Jest szczęśliwy, że trafił pod opiekę hospicjum, które, jak się utarło, zajmuje się wyłącznie terminalnie chorymi: – Mnie nie kojarzy się z umieralnią, ale z powrotem do życia – podkreśla. – Lekarz, który przychodzi do domu, gdzie leży chory, musi leczyć całą rodzinę, która też choruje, cierpiąc – dodaje mama Marka. – Nas też tak leczyli pracownicy hospicjum. A ja ciągle się modliłam, żeby Marek przeżył. – A ty się modliłeś? – pytam Marka. – W szpitalu nie, dopiero kiedy poczułem, że jest poprawa – przyznaje.

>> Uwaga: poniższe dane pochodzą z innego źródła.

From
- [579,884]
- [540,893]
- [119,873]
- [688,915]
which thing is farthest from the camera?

– Nigdy nie myślałam, żeby odpisywać 1 proc. podatku od odchodów na rzecz jakiejś organizacji – mówi Agata Musiał. – Ale na hospicjum zrobiłam to w tym roku. Zwłaszcza że niedługo zaczną budowę oddziału stacjonarnego i potrzeba im pieniędzy – dodaje. Pani Agata przepracowała 17 lat, prowadząc prywatną działalność jako fryzjerka, ale ostatnie 10 lat świadczyła usługi tylko na umowę zlecenie i dlatego nie wypracowała sobie renty. Teraz mieszka z byłym mężem w mieszkaniu podzielonym na pół. – Hospicjum daje mi paczki na święta, przysyła lekarza, pielęgniarki, załatwia stomatologa. Czego jeszcze chcieć? – zastanawia się – Jak się dowiedziałam, co mi jest, to z wrażenia nie mogłam trafić na przystanek. I tak było, kiedy zakładali mi stomię.
 Teraz czuje się spokojniejsza i w lepsze dni wychodzi na spacery.

– Oni dali mi wiarę, że z każdej choroby można wyjść, tylko ważne, żeby ktoś przy mnie był. – „Ten moment jest zły, ale będzie lepiej” – powtarza za dr. Magierą pani Agata.